**** Available data ****

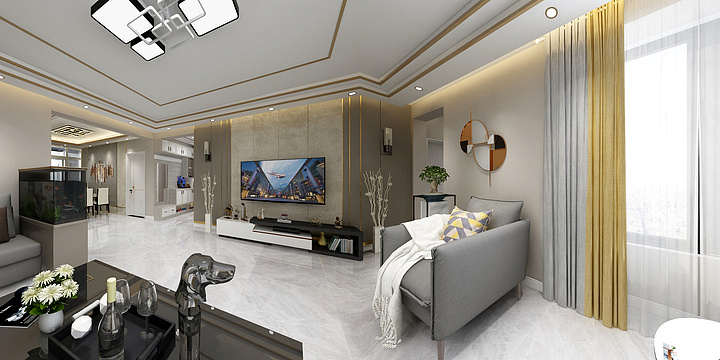 红尘一笑vopI-安惠苑B区7-1-302-装修设计方案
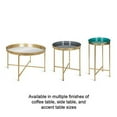 thumbnail image 3 of Kate and Laurel Celia Table d'Appoint Ronde en Métal Pliable, 14 Pouces x 14 Pouces x 25,75 Pouces, Noir et Argent, Design Moderne Minimaliste et Plateau Magnétique, 3 of 5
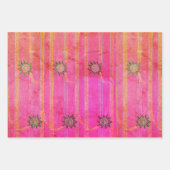 日本のプリントの水掛け紙 ラッピングペーパーシート (正面3)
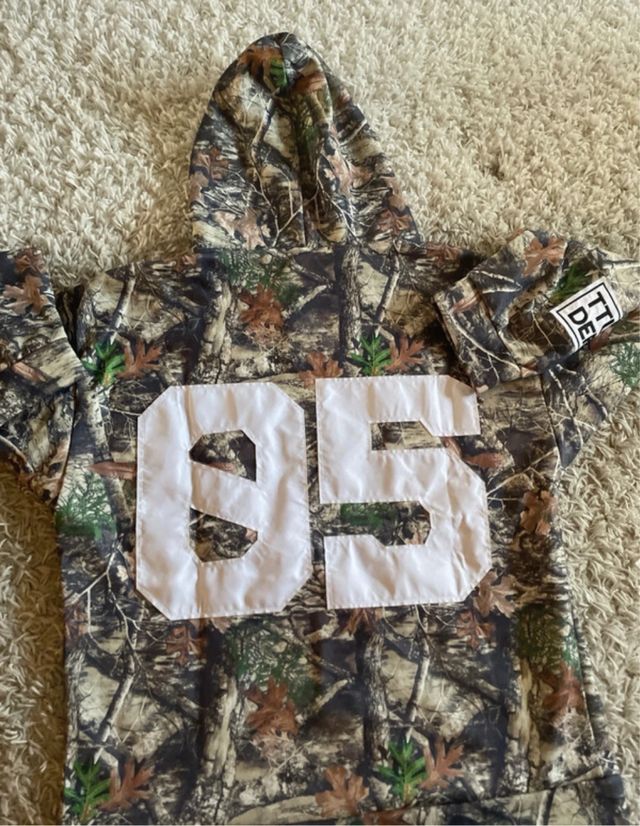 camo zip hoodie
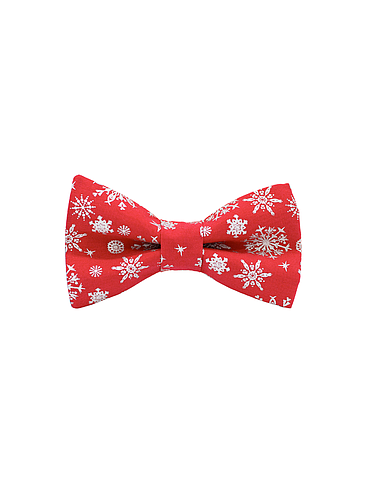 Jaggs - Nœud papillon Christmas Snow - Rouge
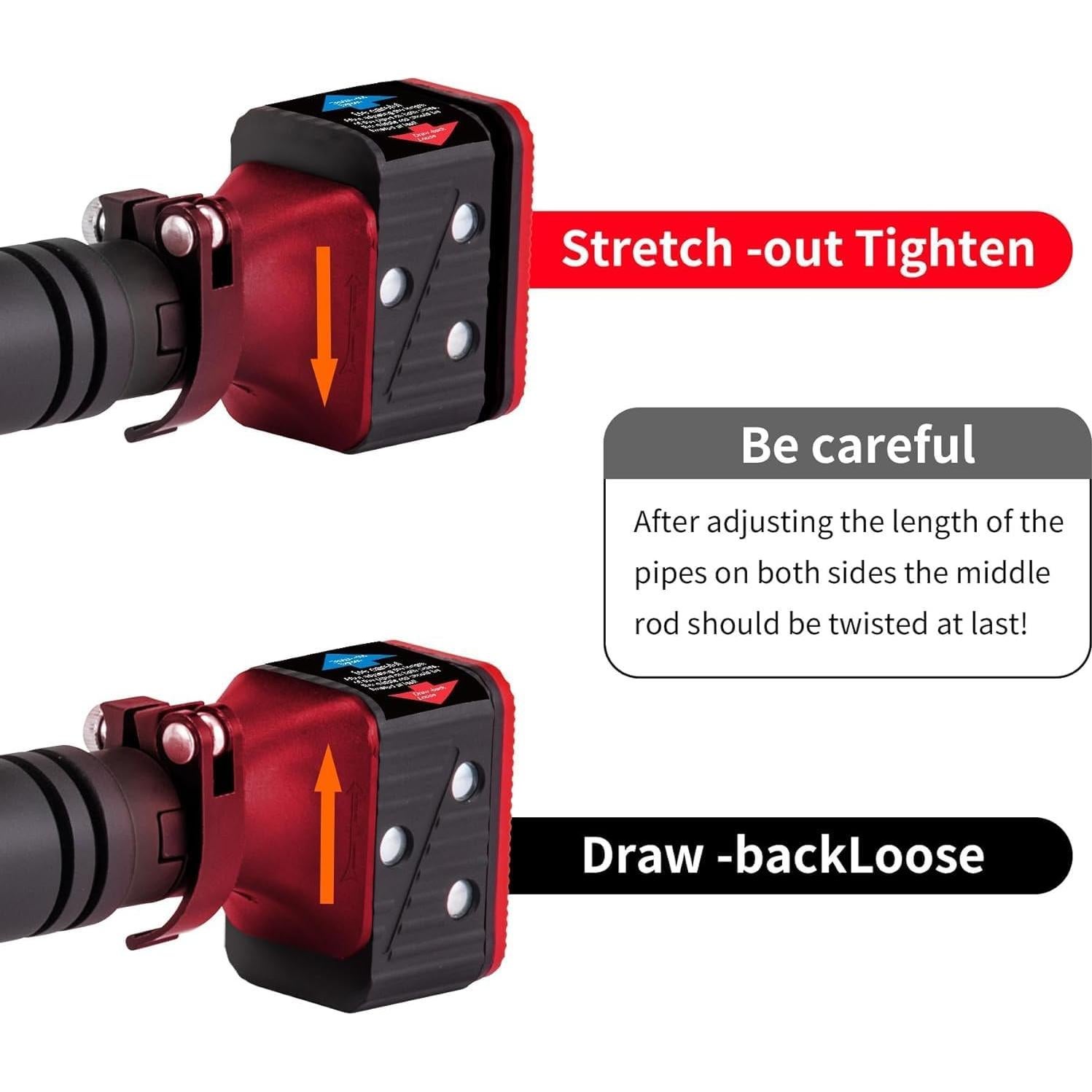 Barra de Dominadas Ajustable Leikefitness para Puerta 72-94 cm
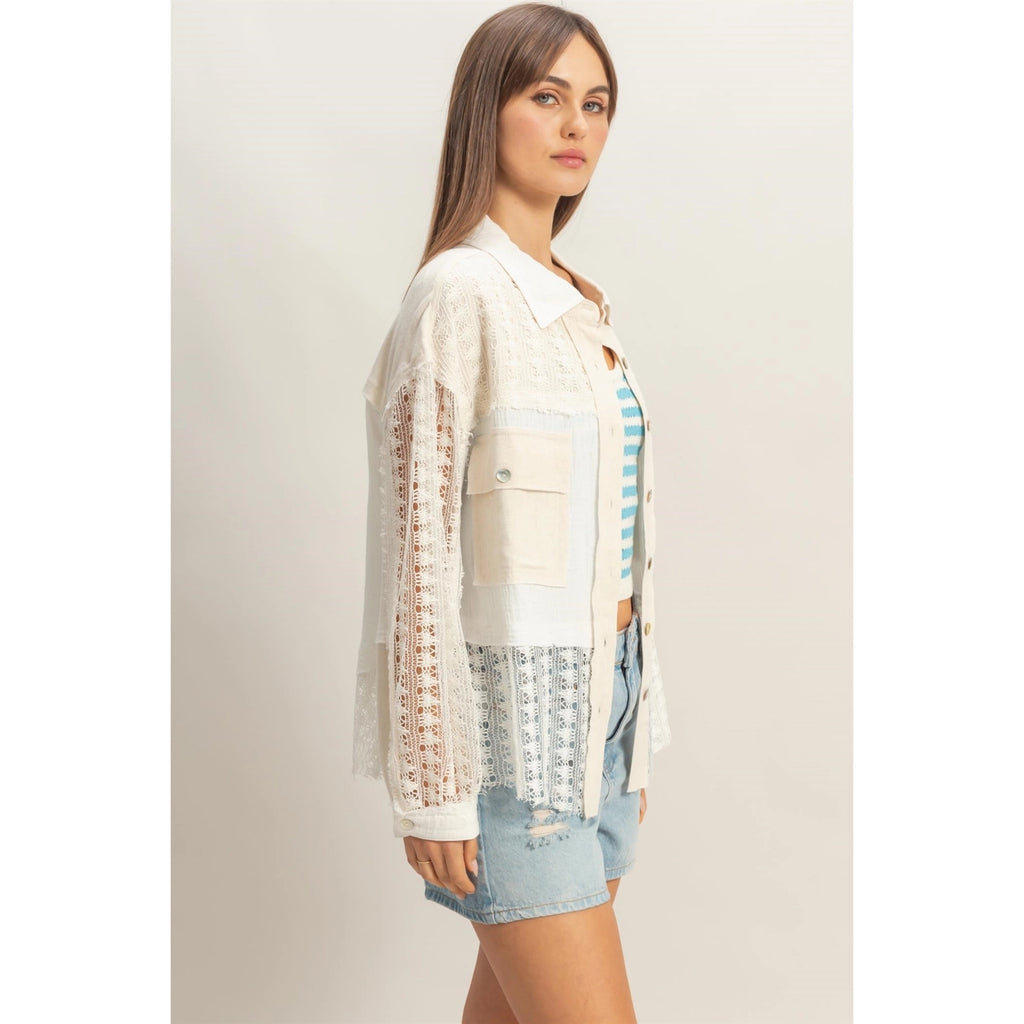 Seaside Weave Button Down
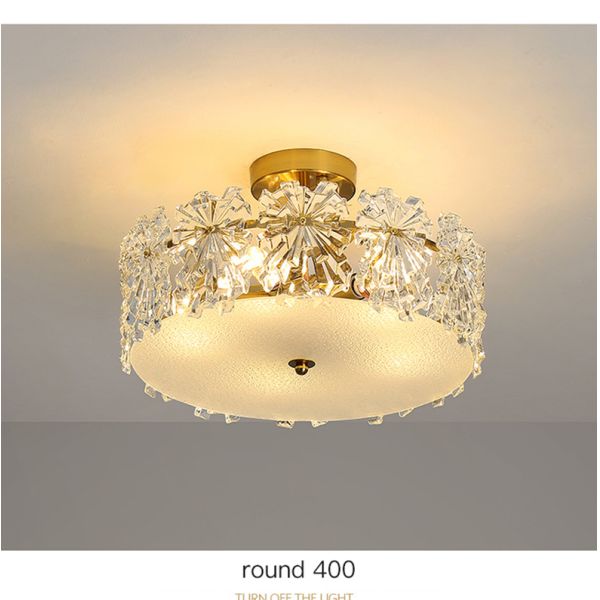 Transparent Glass Led Chandelier For Living Room Foyer Hall Luxury Ceiling Lamp Decor Kitchen leaf chandelier(WH-CY-250)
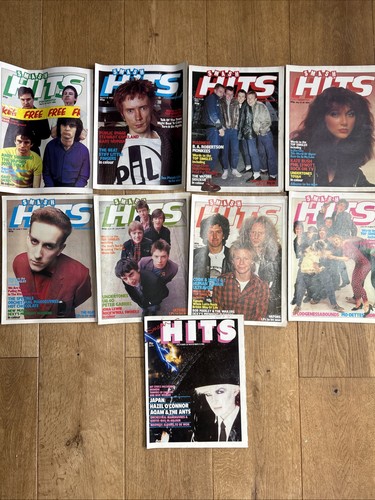 Nine smash hits magazines - nine,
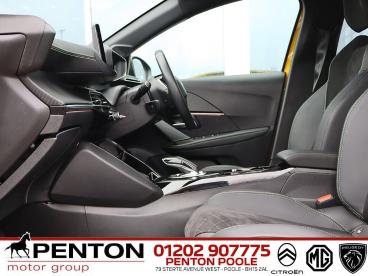 SPOTICAR Peugeot 208 E-208 50kwh Gt Premium Auto 5dr (7kw Charger) Used Car - Hatchback Electric Yellow - Poole - 1200583448_2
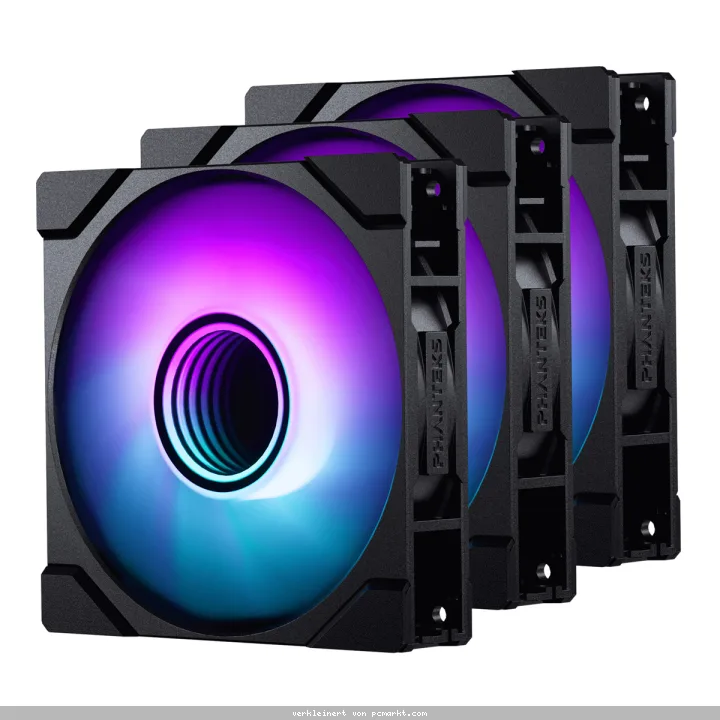 PHANTEKS M25-120 Gen2 PWM DRGB 3er-Pack schwarz | Gehäuselüfter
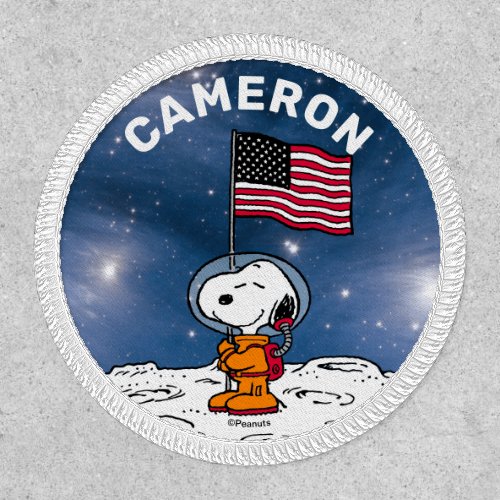 SPACE  Snoopy With Flag Astronaut Patch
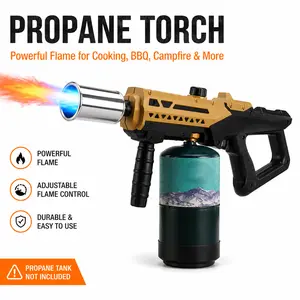 SEEVOLX Multifunctional Food Culinary Propane Torch, Adjustable for BBQ, Sous Vide, Outdoor Cooking (Propane Tank Not Included), Food Culinary Torch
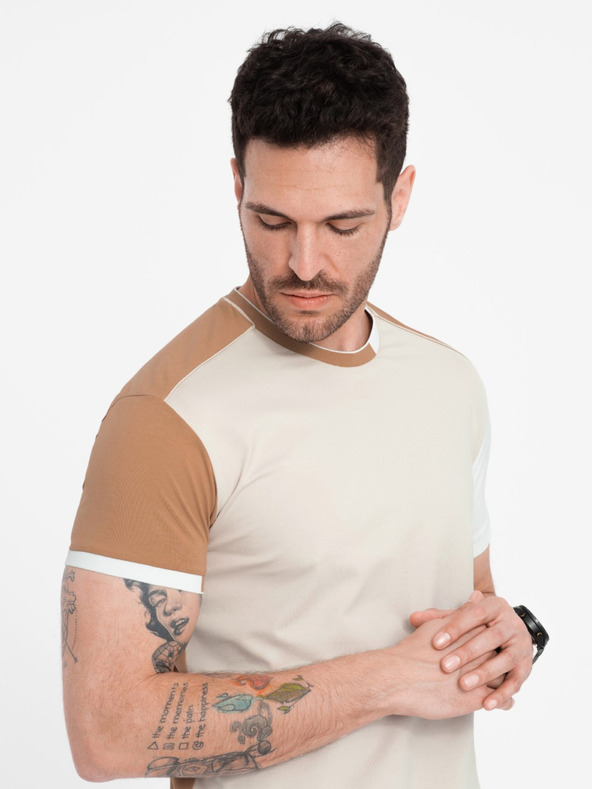 Ombre Clothing Braunes Herren-T-Shirt Ombre Clothing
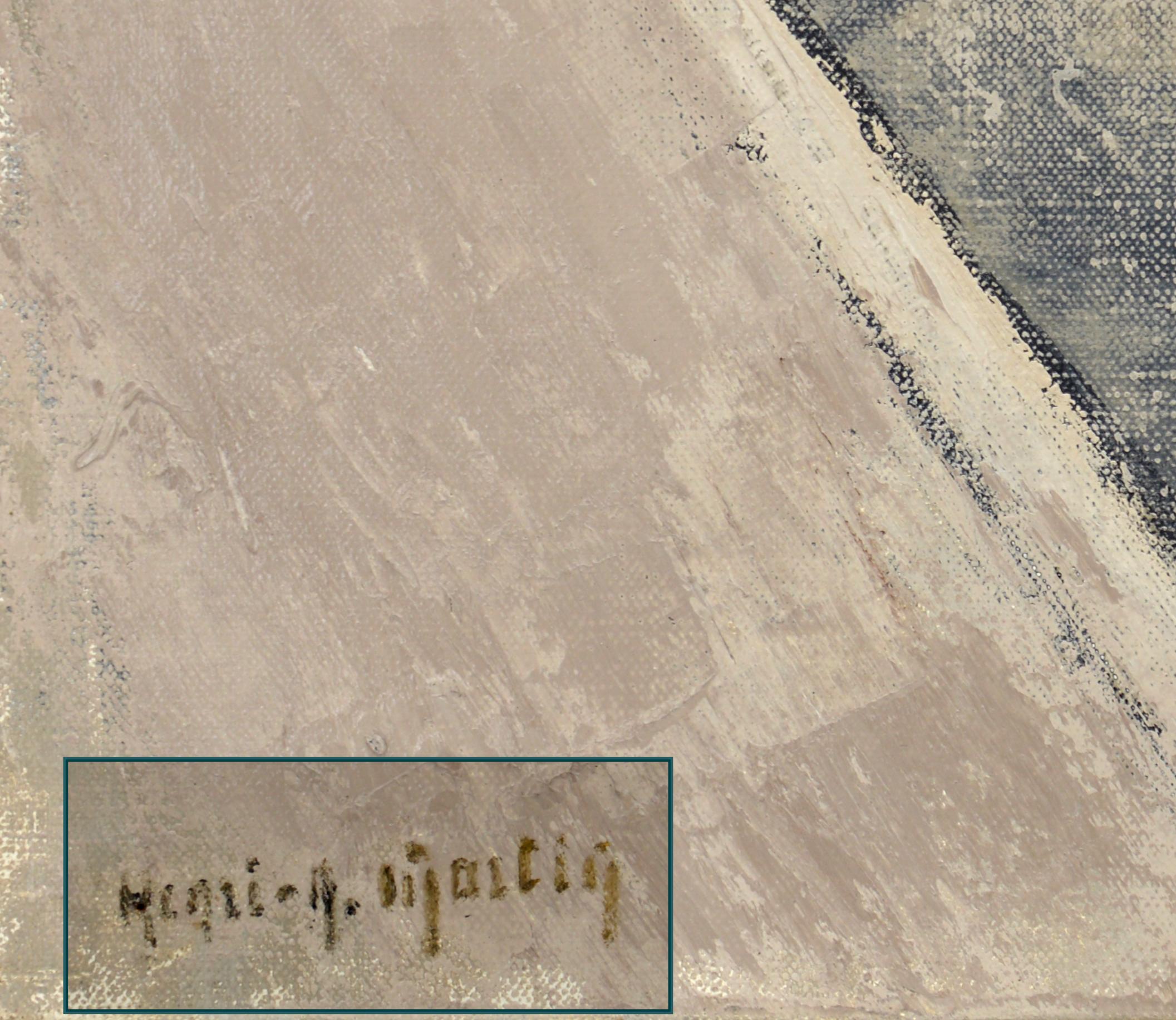 Notre-Dame de Paris Öl auf Leinwand von Henri André Martin 1960 im Angebot 2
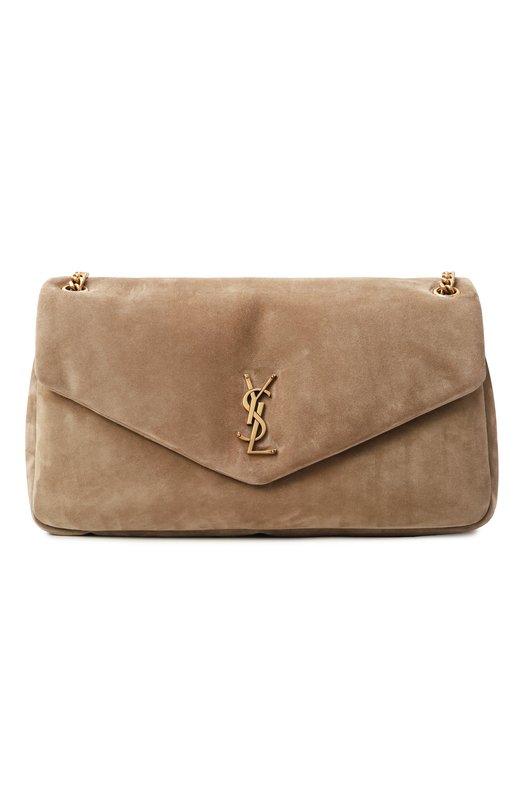 Сумка Calypso large Saint Laurent 777399/1U80W Бежевый 777399/1U80W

****

◆ What is required:
In the records above, everything from the line with "Nine smash hits" down to the line with "Flag Astronaut Patch" must be duplicated exactly, both lines kept. Leave no pictures in.

◆ Response:
 Nine smash hits magazines - nine,
 SPOTICAR Peugeot 208 E-208 50kwh Gt Premium Auto 5dr (7kw Charger) Used Car - Hatchback Electric Yellow - Poole - 1200583448_2
 PHANTEKS M25-120 Gen2 PWM DRGB 3er-Pack schwarz | Gehäuselüfter
 SPACE  Snoopy With Flag Astronaut Patch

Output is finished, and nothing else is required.